Por 18 de junio de 2007 Sin comentarios

Marcelo Figueras

Esto no es lo que yo iba a escribir. Pero abrí el correo antes de abocarme a la tarea y me encontré con un mensaje inesperado. Quizás no debería hablar del asunto porque no me ocurrió a mí, seguramente es un error meterme con un dolor ajeno. En ese caso pido disculpas por anticipado, dado que lo haré de todas formas, y por la más egoísta de las razones: me partió el alma en mil pedazos, y desde entonces no puedo pensar en otra cosa.

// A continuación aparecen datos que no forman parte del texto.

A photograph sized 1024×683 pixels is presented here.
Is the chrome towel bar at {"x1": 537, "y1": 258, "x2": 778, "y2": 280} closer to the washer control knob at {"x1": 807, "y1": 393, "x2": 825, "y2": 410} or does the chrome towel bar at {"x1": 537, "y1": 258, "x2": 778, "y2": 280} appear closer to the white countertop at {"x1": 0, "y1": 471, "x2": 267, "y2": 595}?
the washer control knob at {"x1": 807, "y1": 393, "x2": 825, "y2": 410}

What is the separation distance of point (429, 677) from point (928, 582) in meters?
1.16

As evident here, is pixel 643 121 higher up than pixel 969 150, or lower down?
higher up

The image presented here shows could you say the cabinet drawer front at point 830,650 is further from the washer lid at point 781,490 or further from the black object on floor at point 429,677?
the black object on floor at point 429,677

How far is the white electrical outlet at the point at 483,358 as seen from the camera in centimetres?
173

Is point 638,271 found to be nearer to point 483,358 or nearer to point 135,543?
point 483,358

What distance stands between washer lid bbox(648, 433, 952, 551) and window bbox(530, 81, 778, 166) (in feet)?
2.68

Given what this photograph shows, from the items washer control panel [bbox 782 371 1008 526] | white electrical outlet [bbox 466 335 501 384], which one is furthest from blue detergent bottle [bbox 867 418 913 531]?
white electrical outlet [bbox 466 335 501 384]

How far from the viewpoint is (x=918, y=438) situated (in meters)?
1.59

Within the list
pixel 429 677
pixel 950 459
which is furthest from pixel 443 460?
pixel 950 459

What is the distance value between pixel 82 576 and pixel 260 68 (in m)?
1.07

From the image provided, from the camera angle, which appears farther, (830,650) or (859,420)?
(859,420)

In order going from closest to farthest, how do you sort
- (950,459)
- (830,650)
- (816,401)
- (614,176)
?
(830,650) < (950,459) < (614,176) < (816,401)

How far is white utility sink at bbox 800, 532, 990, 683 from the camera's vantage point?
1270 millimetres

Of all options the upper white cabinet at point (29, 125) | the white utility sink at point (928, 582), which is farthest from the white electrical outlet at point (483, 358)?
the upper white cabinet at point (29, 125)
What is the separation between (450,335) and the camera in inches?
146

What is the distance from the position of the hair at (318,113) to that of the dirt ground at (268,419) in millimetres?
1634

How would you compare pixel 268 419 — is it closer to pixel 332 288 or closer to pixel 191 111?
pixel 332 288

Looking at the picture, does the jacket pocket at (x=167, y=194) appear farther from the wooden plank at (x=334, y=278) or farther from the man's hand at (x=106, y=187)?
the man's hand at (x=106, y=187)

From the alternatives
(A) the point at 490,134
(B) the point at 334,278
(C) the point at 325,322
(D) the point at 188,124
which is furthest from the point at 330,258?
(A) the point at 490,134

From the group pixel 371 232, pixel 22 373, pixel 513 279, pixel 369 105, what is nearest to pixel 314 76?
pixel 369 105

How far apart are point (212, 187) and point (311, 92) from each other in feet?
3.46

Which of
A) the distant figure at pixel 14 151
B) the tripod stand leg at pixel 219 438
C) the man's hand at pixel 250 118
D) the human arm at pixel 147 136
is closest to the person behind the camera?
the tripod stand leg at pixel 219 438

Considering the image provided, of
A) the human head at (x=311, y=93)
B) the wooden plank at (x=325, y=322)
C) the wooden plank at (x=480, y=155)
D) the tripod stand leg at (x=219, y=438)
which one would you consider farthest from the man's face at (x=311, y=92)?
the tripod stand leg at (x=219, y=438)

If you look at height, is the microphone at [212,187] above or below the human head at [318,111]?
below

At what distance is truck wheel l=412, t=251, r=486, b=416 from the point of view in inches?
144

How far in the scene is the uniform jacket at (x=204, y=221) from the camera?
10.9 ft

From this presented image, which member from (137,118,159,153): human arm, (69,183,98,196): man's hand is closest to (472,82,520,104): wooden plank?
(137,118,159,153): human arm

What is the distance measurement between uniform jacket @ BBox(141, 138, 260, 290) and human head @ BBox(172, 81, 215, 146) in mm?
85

Digamos que alguien a quien conozco me contó hace tiempo lo que estaban tratando de hacer dos personas a quienes no conozco: adoptar legalmente a una pequeña niña africana. Sé apenas que llevaban muchos meses empeñados en el asunto, y que venían tolerando cada dilación y cada nuevo trámite con paciencia de santos. Sé también el nombre de la niña, cuya madre había muerto al ayudarla a nacer, pero me lo reservo por razones obvias; básteme decir que era un nombre exótico y musical y dulce –lo que yo llamaría un nombre perfecto.

Iban a viajar rumbo al África este sábado que pasó, para buscarla al fin después de tanto papelerío, de tanta demora inhumana. Estaba convencido de que ya estarían allí, pero en cambio recibí el mail que me decía que no, que nunca habían llegado a viajar, que horas antes de partir les dijeron que la niña había muerto súbitamente, con la misma ligereza con la que pasó por este mundo. Nunca supe de ella más que su nombre, pero me puse a llorar. Por la esperanza frustrada, por la vida que pudo ser preciosa y tan sólo lo fue brevemente, por tanto amor desperdiciado, ese dolor de pecho hinchado de leche sin boca que lo reclame.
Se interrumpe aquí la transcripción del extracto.